EXPLORATION

Protestors block doors as Bridges offers new blocks

NEW Zealand Energy Minister Simon Bridges has fought through protestors in Auckland to open the nation's petroleum conference and, perhaps optimistically in the current oil price environment, launch the 2016 Block Offer of vacant acreage, mostly in unloved offshore basins.

Protestors block doors as Bridges offers new blocks

About 150 protesters blocked the main entrances to the SkyCity Convention Centre this morning, with 20 entering the conference centre, but no arrests have been made and a visible police presence has ensured most, but not all, delegates have been able to enter the building.

Greenpeace New Zealand invited the public to take part in "civil disobedience action en masse" against petroleum exploration, which the group says damages the environment by accelerating climate change.

Protest leader Steve Abel said he apologised to members of the public affected by the sit-in, but not the oil industry representatives at the conference.

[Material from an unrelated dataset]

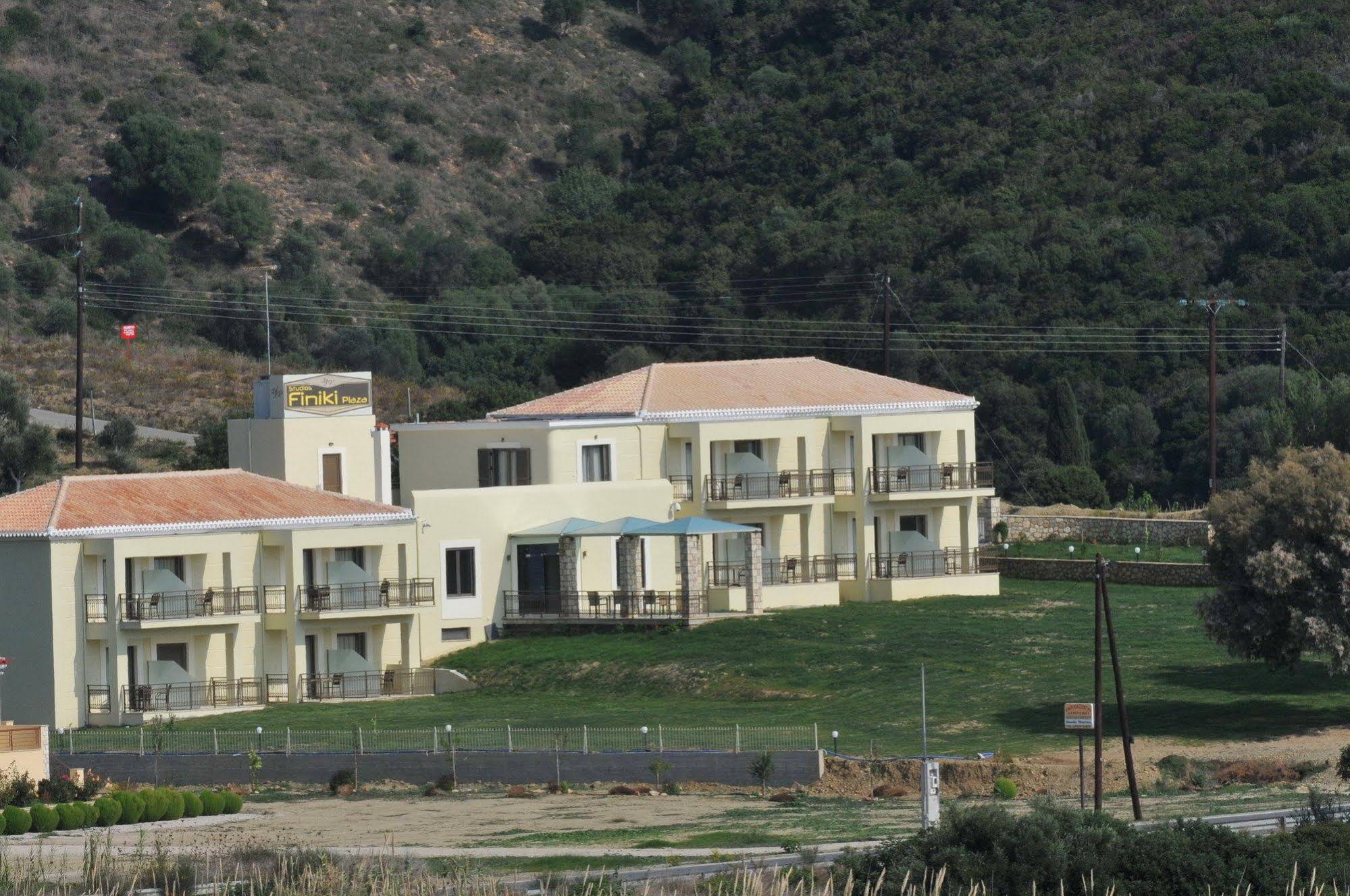 Finiki Plaza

About 60 people have been issued with trespass orders and the police forced an opening through the protesters to allow delegates inside.

Bridges says the NZ government backs exploration, because oil exports are one of the nation's biggest export earners, while gas helps displace coal.

He hopes oilers will embrace the latest lease offer, which covers areas in the offshore Northland-Reinga Basin, Taranaki Basin Pegasus/East Coast basins and Great-South/Canterbury basins, and some 1062sq.km of the onshore Taranaki Basin.

"If there is one benefit [from the downturn], it is that difficulty breeds innovation. You have to come up with different ways of doing things. These circumstances will help make the industry more resilient and set it in better stead for the future," he said.

"And some of the activity going on right now is a vote of confidence in the future of the industry. For example, Shell's Caledonia Basin seismic survey is providing never-known-before scientific information in the most frontier of basins.

"The uptake of acreage in recent years, for example in the Pegasus and East Coast basins, is also very promising. We have attracted some very highly regarded international companies and I look forward to their exploration work progressing in the coming years. While on Pegasus, I was pleased to see Statoil are showing further interest in this basin, with their planned farm-in to OMV's permit."

Bridges says NZ must be open to getting the balance right between fossil fuels and renewables, and he believes there is a big gas story developing.

"For a long time New Zealand has been considered, rightly or wrongly, "gas-prone". These days that label may work more in our favour," Bridges said.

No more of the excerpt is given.